Homophily#

Homophily is the network principle that describes the way that nodes which have common properties or attributes are likely to be or become linked to one another. It’s sometimes also referred to as assortative mixing.

In order to see if a network is homophilous, there must be node attributes for you to investigate. The example below uses the node attributes in the Quaker network from the Six Degrees of Francis Bacon project.

Importing data#

# Import NetworkX and key data science libraries
import networkx as nx
import pandas as pd
import numpy as np
import altair as alt
# Import edge table as normal
edges = pd.read_csv("../data/quaker-edges.csv")
edges
Source Target
0 George Keith William Bradford
1 George Keith George Whitehead
2 George Keith George Fox
3 George Keith William Penn
4 George Keith Franciscus Mercurius van Helmont
... ... ...
157 Joseph Besse Samuel Bownas
158 Joseph Besse Richard Claridge
159 Silvanus Bevan Daniel Quare
160 John Penington Mary Penington
161 Lewis Morris Sir Charles Wager

162 rows × 2 columns

# Import node table
nodes = pd.read_csv("../data/quaker-nodes.csv")
nodes
Id Label historical significance gender birthdate deathdate other_id
0 George Keith George Keith Quaker schismatic and Church of England clergyman male 1638 1716 10006784
1 Robert Barclay Robert Barclay religious writer and colonial governor male 1648 1690 10054848
2 Benjamin Furly Benjamin Furly merchant and religious writer male 1636 1714 10004625
3 Anne Conway Viscountess Conway and Killultagh Anne Conway Viscountess Conway and Killultagh philosopher female 1631 1679 10002755
4 Franciscus Mercurius van Helmont Franciscus Mercurius van Helmont physician and cabbalist male 1614 1698 10005781
... ... ... ... ... ... ... ...
91 Elizabeth Leavens Elizabeth Leavens Quaker missionary female 1555 1665 10007246
92 Lewis Morris Lewis Morris politician in America male 1671 1746 10008534
93 Sir Charles Wager Sir Charles Wager naval officer and politician male 1666 1743 10012403
94 William Simpson William Simpson Quaker preacher male 1627 1671 10011114
95 Thomas Aldam Thomas Aldam Quaker preacher and writer male 1616 1660 10000099

96 rows × 7 columns

# Add edges to graph object
quakers = nx.from_pandas_edgelist(edges, source="Source", target="Target")
print(quakers)
Graph with 96 nodes and 162 edges
# Add node attributes for gender
nx.set_node_attributes(quakers, dict(zip(nodes.Id, nodes.gender)), 'gender')

Calculating mixed edge probability#

In a network that is not homophilous, the expected probability of mixed edges is 2 times the product of the percentage of nodes in the first group (p) and the percentage of the nodes in the second group (q): \(2pq\).

# Calculate percentage of male people in the Quaker graph, using pandas
p = nodes.gender.value_counts()["male"]/nodes.gender.count()
p
0.84375
# Calculate percentage of female people in the Quaker graph, using pandas
q = nodes.gender.value_counts()["female"]/nodes.gender.count()
q
0.15625
# Calculate probability of mixed edges
2*p*q
0.263671875

Comparing to the observed number of mixed edges#

We know that if the network is not homophilous we would expect that around 26% of its edges would be mixed edges.

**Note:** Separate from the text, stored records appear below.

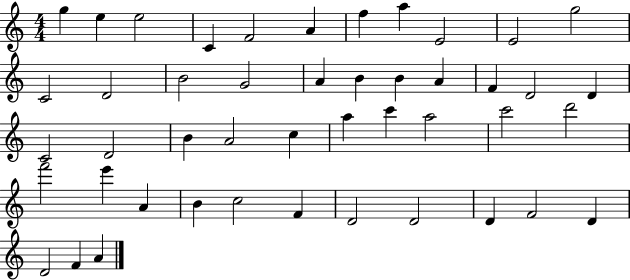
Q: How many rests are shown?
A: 0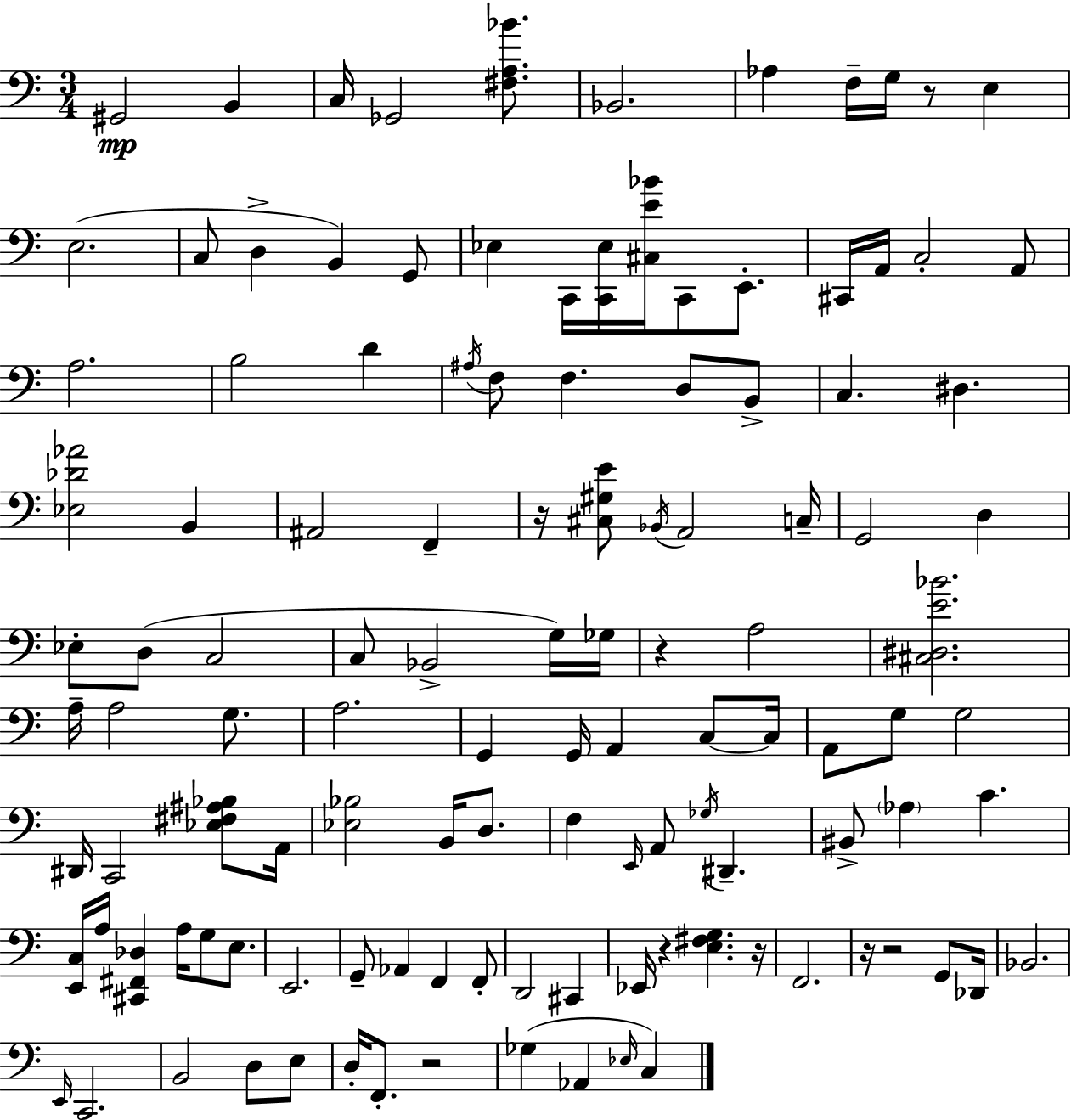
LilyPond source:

{
  \clef bass
  \numericTimeSignature
  \time 3/4
  \key c \major
  gis,2\mp b,4 | c16 ges,2 <fis a bes'>8. | bes,2. | aes4 f16-- g16 r8 e4 | \break e2.( | c8 d4-> b,4) g,8 | ees4 c,16 <c, ees>16 <cis e' bes'>16 c,8 e,8.-. | cis,16 a,16 c2-. a,8 | \break a2. | b2 d'4 | \acciaccatura { ais16 } f8 f4. d8 b,8-> | c4. dis4. | \break <ees des' aes'>2 b,4 | ais,2 f,4-- | r16 <cis gis e'>8 \acciaccatura { bes,16 } a,2 | c16-- g,2 d4 | \break ees8-. d8( c2 | c8 bes,2-> | g16) ges16 r4 a2 | <cis dis e' bes'>2. | \break a16-- a2 g8. | a2. | g,4 g,16 a,4 c8~~ | c16 a,8 g8 g2 | \break dis,16 c,2 <ees fis ais bes>8 | a,16 <ees bes>2 b,16 d8. | f4 \grace { e,16 } a,8 \acciaccatura { ges16 } dis,4.-- | bis,8-> \parenthesize aes4 c'4. | \break <e, c>16 a16 <cis, fis, des>4 a16 g8 | e8. e,2. | g,8-- aes,4 f,4 | f,8-. d,2 | \break cis,4 ees,16 r4 <e fis g>4. | r16 f,2. | r16 r2 | g,8 des,16 bes,2. | \break \grace { e,16 } c,2. | b,2 | d8 e8 d16-. f,8.-. r2 | ges4( aes,4 | \break \grace { ees16 } c4) \bar "|."
}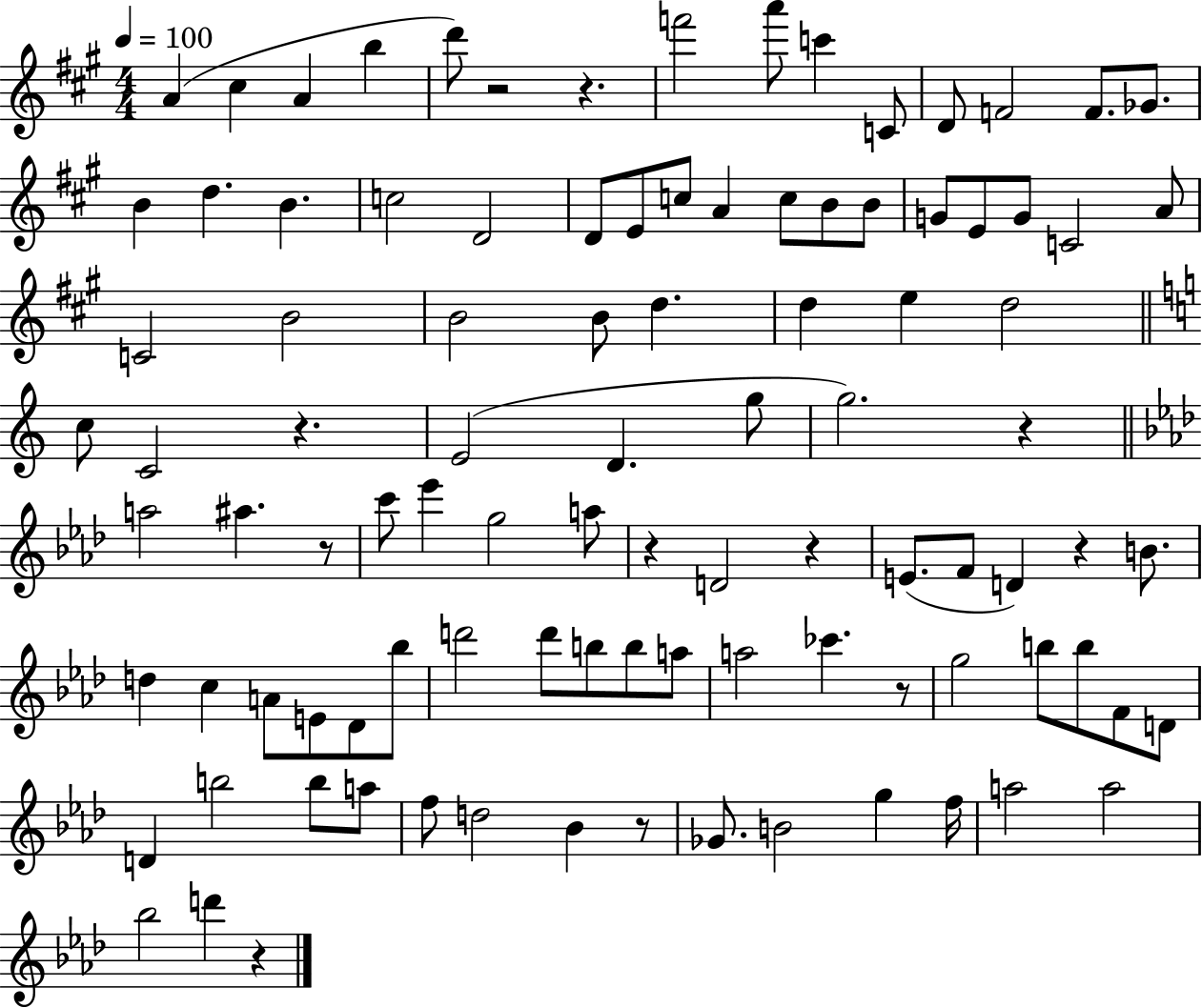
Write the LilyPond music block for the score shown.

{
  \clef treble
  \numericTimeSignature
  \time 4/4
  \key a \major
  \tempo 4 = 100
  a'4( cis''4 a'4 b''4 | d'''8) r2 r4. | f'''2 a'''8 c'''4 c'8 | d'8 f'2 f'8. ges'8. | \break b'4 d''4. b'4. | c''2 d'2 | d'8 e'8 c''8 a'4 c''8 b'8 b'8 | g'8 e'8 g'8 c'2 a'8 | \break c'2 b'2 | b'2 b'8 d''4. | d''4 e''4 d''2 | \bar "||" \break \key c \major c''8 c'2 r4. | e'2( d'4. g''8 | g''2.) r4 | \bar "||" \break \key f \minor a''2 ais''4. r8 | c'''8 ees'''4 g''2 a''8 | r4 d'2 r4 | e'8.( f'8 d'4) r4 b'8. | \break d''4 c''4 a'8 e'8 des'8 bes''8 | d'''2 d'''8 b''8 b''8 a''8 | a''2 ces'''4. r8 | g''2 b''8 b''8 f'8 d'8 | \break d'4 b''2 b''8 a''8 | f''8 d''2 bes'4 r8 | ges'8. b'2 g''4 f''16 | a''2 a''2 | \break bes''2 d'''4 r4 | \bar "|."
}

To test this we can first calculate the actual number of mixed edges and compare it to the probability above.

# Find the total number of mixed edges in the network
mixed_edges = len([(s,t) for s,t in quakers.edges if quakers.nodes[s]['gender'] != quakers.nodes[t]['gender']])
mixed_edges
32
# Get the percentage of mixed edges in the network
mixed_edges/quakers.number_of_edges()
0.19753086419753085

Let’s define a “homophily” measure as the different between the expected percentage of mixed edges and the observed percentage of mixed edges.

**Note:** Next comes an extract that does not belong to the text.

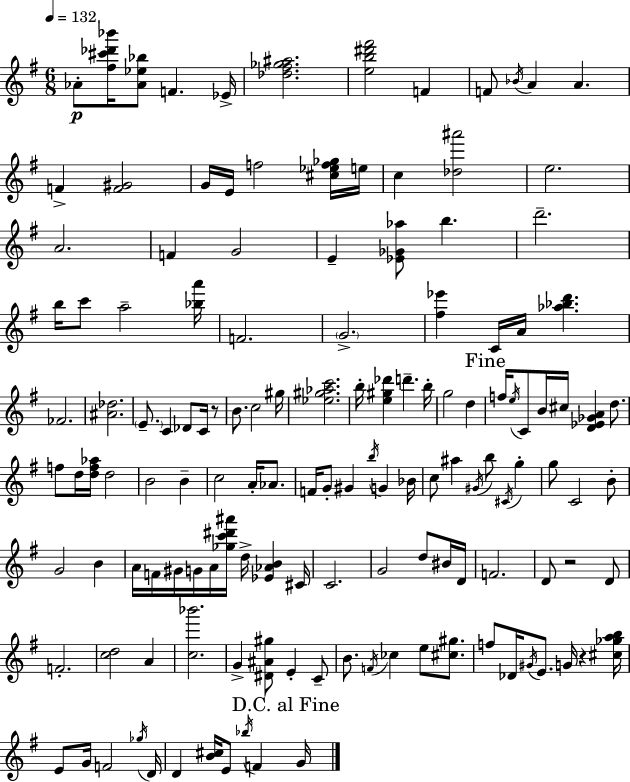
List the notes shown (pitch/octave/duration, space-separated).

Ab4/e [F#5,C#6,Db6,Bb6]/s [Ab4,Eb5,Bb5]/e F4/q. Eb4/s [Db5,F#5,Gb5,A#5]/h. [E5,B5,D#6,F#6]/h F4/q F4/e Bb4/s A4/q A4/q. F4/q [F4,G#4]/h G4/s E4/s F5/h [C#5,Eb5,F5,Gb5]/s E5/s C5/q [Db5,A#6]/h E5/h. A4/h. F4/q G4/h E4/q [Eb4,Gb4,Ab5]/e B5/q. D6/h. B5/s C6/e A5/h [Bb5,A6]/s F4/h. G4/h. [F#5,Eb6]/q C4/s A4/s [Ab5,Bb5,D6]/q. FES4/h. [A#4,Db5]/h. E4/e. C4/q Db4/e C4/s R/e B4/e. C5/h G#5/s [Eb5,G#5,Ab5,C6]/h. B5/s [E5,G#5,Db6]/q D6/q. B5/s G5/h D5/q F5/s E5/s C4/e B4/s C#5/s [D4,Eb4,Gb4,A4]/q D5/e. F5/e D5/s [D5,F5,Ab5]/s D5/h B4/h B4/q C5/h A4/s Ab4/e. F4/s G4/e G#4/q B5/s G4/q Bb4/s C5/e A#5/q G#4/s B5/e C#4/s G5/q G5/e C4/h B4/e G4/h B4/q A4/s F4/s G#4/s G4/s A4/s [Gb5,C6,D#6,A#6]/s D5/s [Eb4,Ab4,B4]/q C#4/s C4/h. G4/h D5/e BIS4/s D4/s F4/h. D4/e R/h D4/e F4/h. [C5,D5]/h A4/q [C5,Bb6]/h. G4/q [D#4,A#4,G#5]/e E4/q C4/e B4/e. F4/s CES5/q E5/e [C#5,G#5]/e. F5/e Db4/s G#4/s E4/e. G4/s R/q [C#5,Gb5,A5,B5]/s E4/e G4/s F4/h Gb5/s D4/s D4/q [B4,C#5]/s E4/e Bb5/s F4/q G4/s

def homophily(mixed_edges):
    return 2*p*q - mixed_edges/quakers.number_of_edges()
obs_homophily = homophily(mixed_edges)
obs_homophily
0.06614101080246915

Our observed homophily measure is .07: we know that the percentage of mixed edges in this graph is 7% less than the percentage we would expect to see in a graph that is not homophilous. But how do we know if this measure is significant?

Hypothesis testing#

To see whether our graph is significantly homophilous, we can set up a resampling procedure to create a hypothesis test for the homophily statistic. This is similar to how you would set up a permutation test for a difference in means.

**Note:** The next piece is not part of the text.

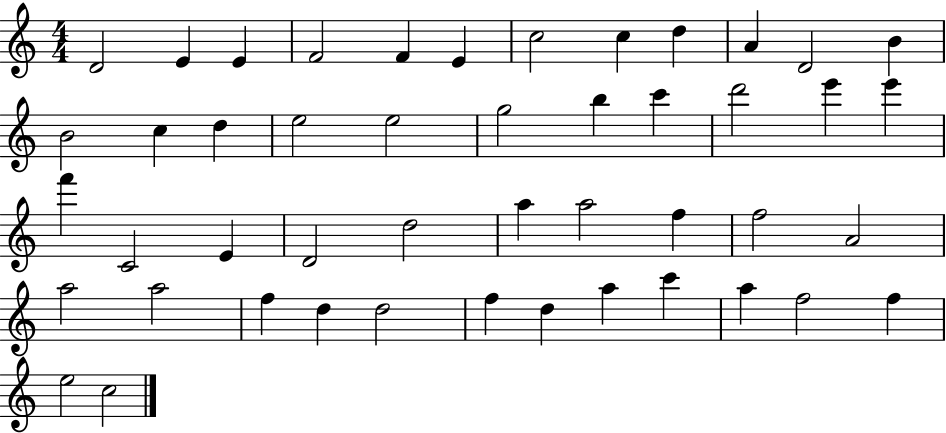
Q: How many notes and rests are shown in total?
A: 47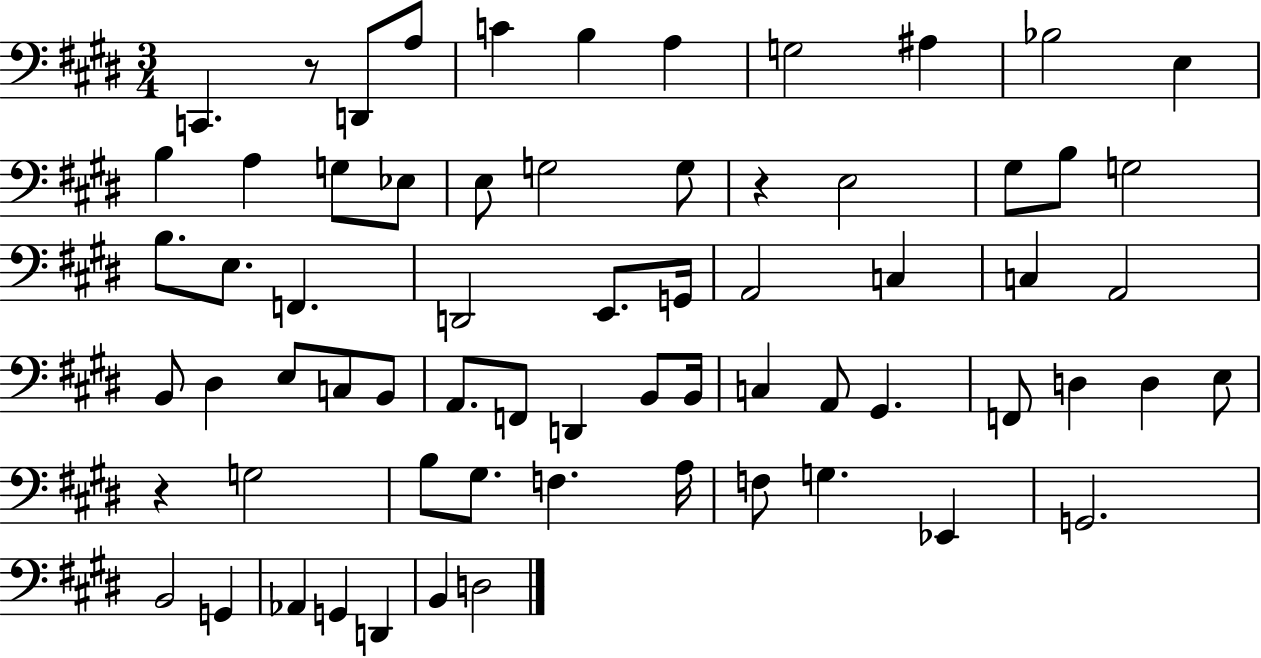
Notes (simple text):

C2/q. R/e D2/e A3/e C4/q B3/q A3/q G3/h A#3/q Bb3/h E3/q B3/q A3/q G3/e Eb3/e E3/e G3/h G3/e R/q E3/h G#3/e B3/e G3/h B3/e. E3/e. F2/q. D2/h E2/e. G2/s A2/h C3/q C3/q A2/h B2/e D#3/q E3/e C3/e B2/e A2/e. F2/e D2/q B2/e B2/s C3/q A2/e G#2/q. F2/e D3/q D3/q E3/e R/q G3/h B3/e G#3/e. F3/q. A3/s F3/e G3/q. Eb2/q G2/h. B2/h G2/q Ab2/q G2/q D2/q B2/q D3/h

# Create a simulation function
def simulate_mixed_edges(data, attribute, id_attr, graph):
    attr_column = data[attribute].sample(frac=1).reset_index(drop=True) # Reshuffle column
    nx.set_node_attributes(graph, dict(zip(data[id_attr], attr_column)), attribute) # Set node attribute
    mixed_edges = len([(s,t) for s,t in graph.edges if graph.nodes[s][attribute] != graph.nodes[t][attribute]]) # Get number of mixed edges
    return mixed_edges
# Simulate homophily 5000 times
sim_homophily = pd.DataFrame().assign(sim_homophily=[homophily(simulate_mixed_edges(nodes, 'gender', 'Id', quakers)) for i in range(5000)])
sim_homophily
sim_homophily
0 0.078487
1 0.016758
2 -0.069661
3 0.053795
4 0.047622
... ...
4995 -0.001760
4996 0.103178
4997 -0.038797
4998 -0.100526
4999 -0.001760

5000 rows × 1 columns

# Plot the results of the permutation test
# plt = sns.histplot(x=sim_homophily)
# plt.axvline(x=obs_homophily, color="red", ls="--")

alt.data_transformers.disable_max_rows()
histogram = alt.Chart(sim_homophily).mark_bar().encode(
    x=alt.X("sim_homophily:Q").bin(maxbins=20),
    y=alt.Y("count():Q")
)

sim_homophily = sim_homophily.assign(obs_homophily=obs_homophily)
observed_difference = alt.Chart(sim_homophily).mark_rule(color="red", strokeDash=(8,4)).encode(
    x=alt.X("obs_homophily")
)

histogram + observed_difference
# Calculate a p-value
p_value = np.mean(sim_homophily > obs_homophily)
p_value
0.0555

Now we can use the resulting graph and p-value to determine whether the amount of homophily we see in the Quaker graph is statistically significant.